At the height of summer, the French government has decided to wipe out the August holidays and to bring forward the start of the school year by a month to fill the state coffers. This is the scenario of the recent film from Antonin Peretjatko, La Fille du 14 juillet (The Daughter of July 14).

There is little chance that the government of Jean-Marc Ayrault, or any other government, would take a decision as sudden and drastic as that. The idea of reducing the holidays to spur the economy, though, is not the preserve of screenwriters.

In 2010, two federations representing German SMEs proposed that the legal number of days of paid leave be reduced by one or two weeks “to sustain the (economic) recovery”. More recently, the Italian Secretary of State for the Economy proposed that paid holidays be reduced by one week to bring Italy out of the recession, claiming that such a measure would result in “an immediate impact of approximately one point in GDP”.

The idea does not always come down from on high: in March 2012, Swiss voters, fearing the adverse consequences for the economy, rejected – by 66.5 per cent – a federal referendum on a popular initiative that proposed introducing two weeks of additional paid holidays.

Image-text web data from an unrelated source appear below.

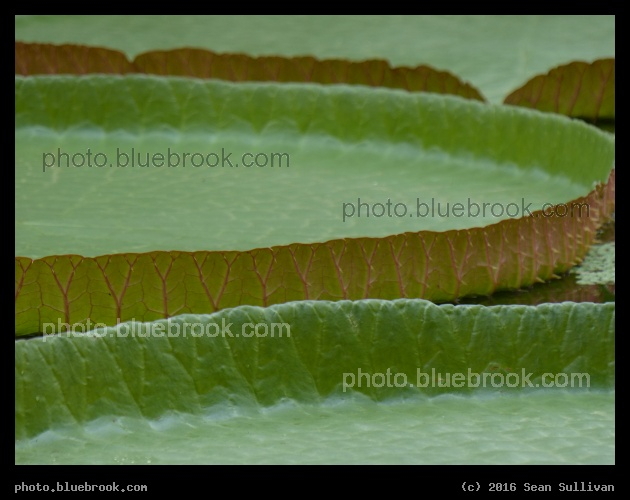 Lilypad Trays - Hortus Botanicus Leiden in Leiden, Netherlands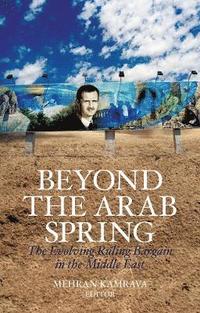 bokomslag Beyond the Arab Spring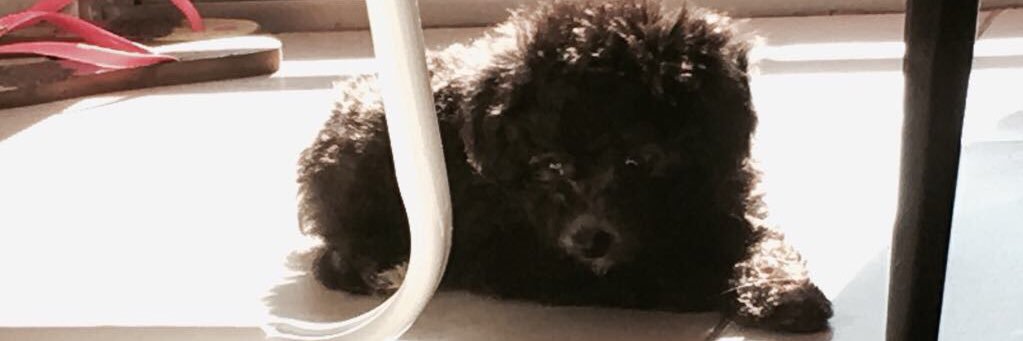 Malu2808's profile banner image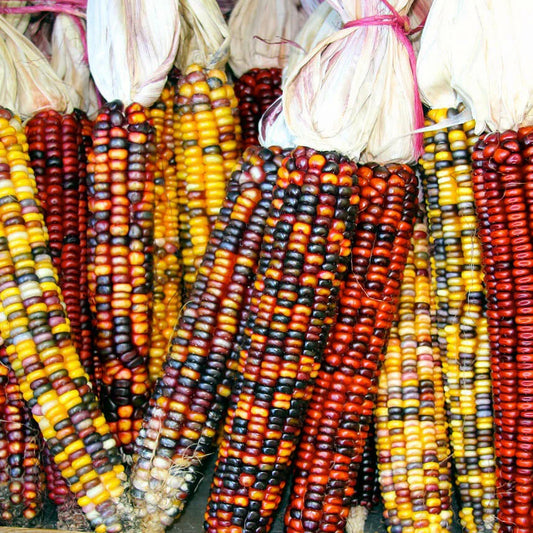Rainbow Ornamental Corn Seeds | Multicolor Indian Dent Flint Popcorn Seed | Zea mays 2025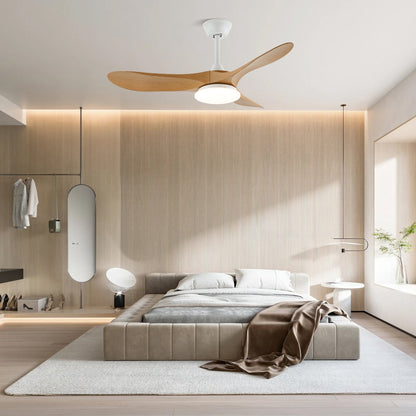 Averra Ceiling Fan Light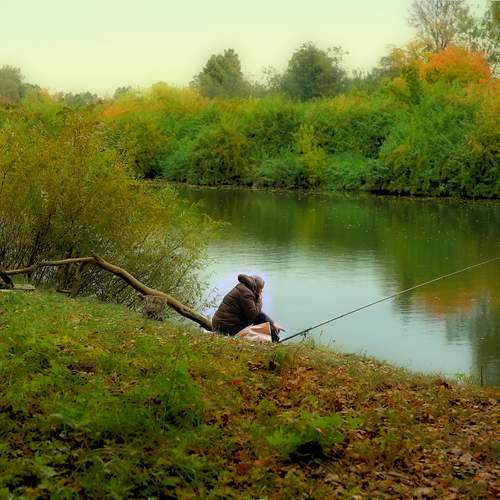 Photo #13642718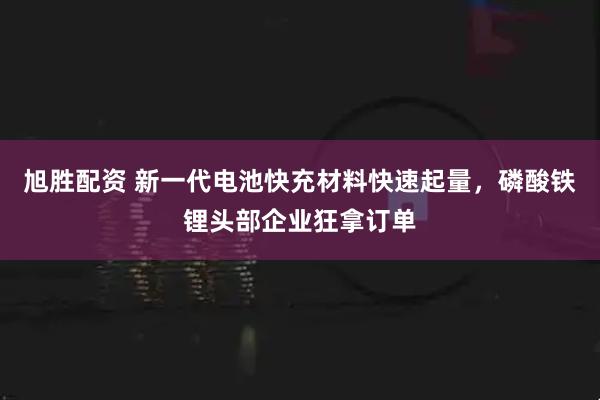 旭胜配资 新一代电池快充材料快速起量，磷酸铁锂头部企业狂拿订单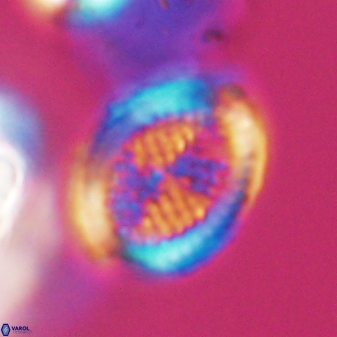 Allemanites striatus 8893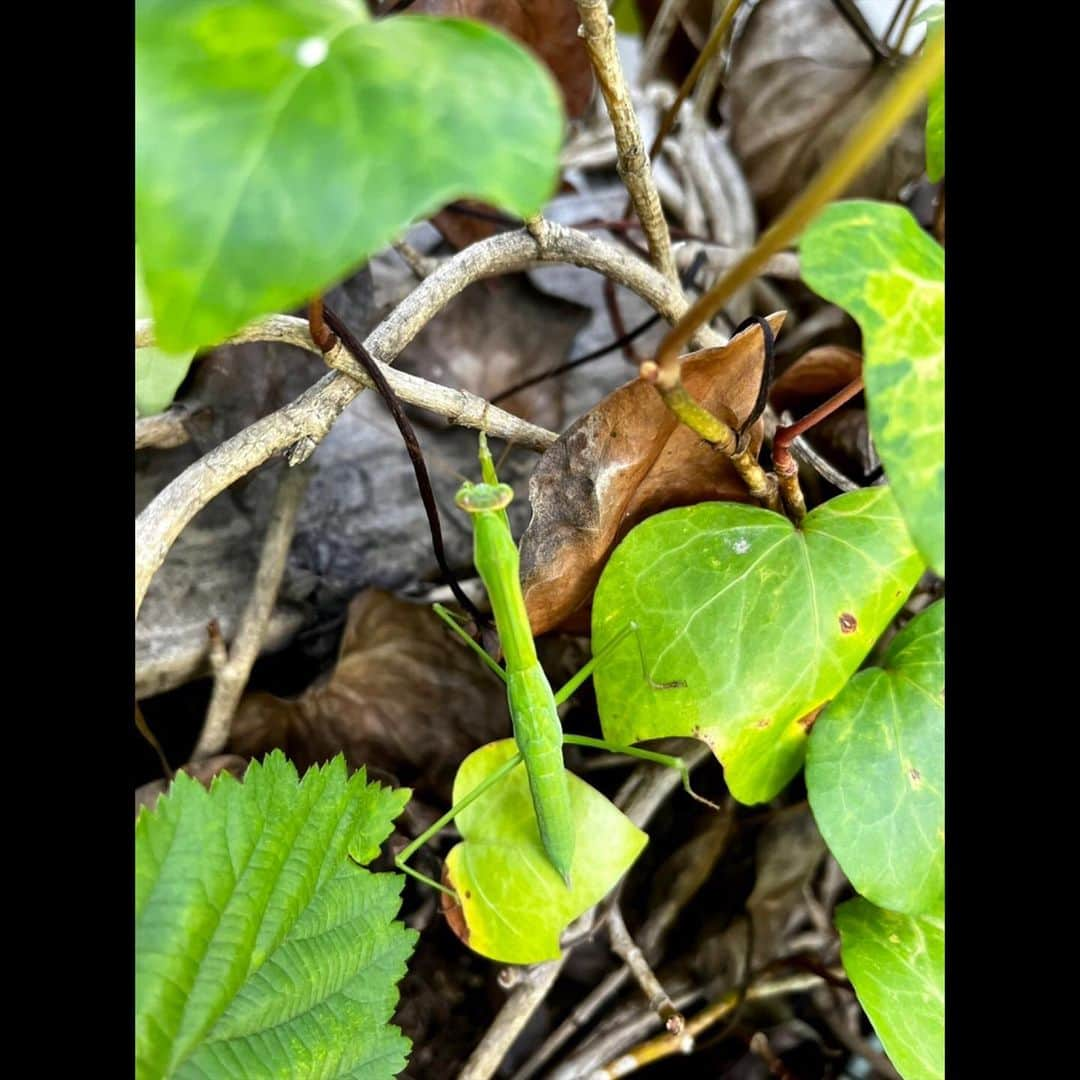 木村拓哉さんのインスタグラム写真 - (木村拓哉Instagram)「⁡ ⁡ ⁡ 「家の中から外を見てたら「ん？何か動いた⁈」って思ったら、久々のカマキリ。 そして、未だ暑くて出掛けられない場合のアムです。」 ⁡ PEACE‼︎ ⁡ STAYSAFE! ⁡ 拓哉 #木村拓哉#TakuyaKimura」7月27日 17時05分 - takuya.kimura_tak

In the economic crisis afflicting Europe, the European countries are seeking to gain competitiveness by reducing their production costs, and those include the cost of labour. To achieve this goal, they can, for example, reduce wages, as Spain did in 2010. That’s a policy that’s unpopular in the least, and it entails significant risks.

Reducing paid holidays is, theoretically, an alternative. The theoretical effects of such a measure can even be calculated. “One extra working day, we estimate, would bring between 0.07 and 0.08 of a point of additional growth,” says Ronan Mahieu, head of the Department of National Accounts at France’s National Institute of Statistics and Economic Studies (INSEE). “The effect on annual growth remains fairly weak.” Weak, but real.

‘Economic abberation’

Despite the additional theoretical benefits of extra working days, all the countries of the European Union offer at least 20 days of paid leave to their workers. On the other side of the Atlantic, many believe that the 20 to 30 days of paid leave granted by European countries are an economic aberration of the same stripe as other, much too generous social benefits.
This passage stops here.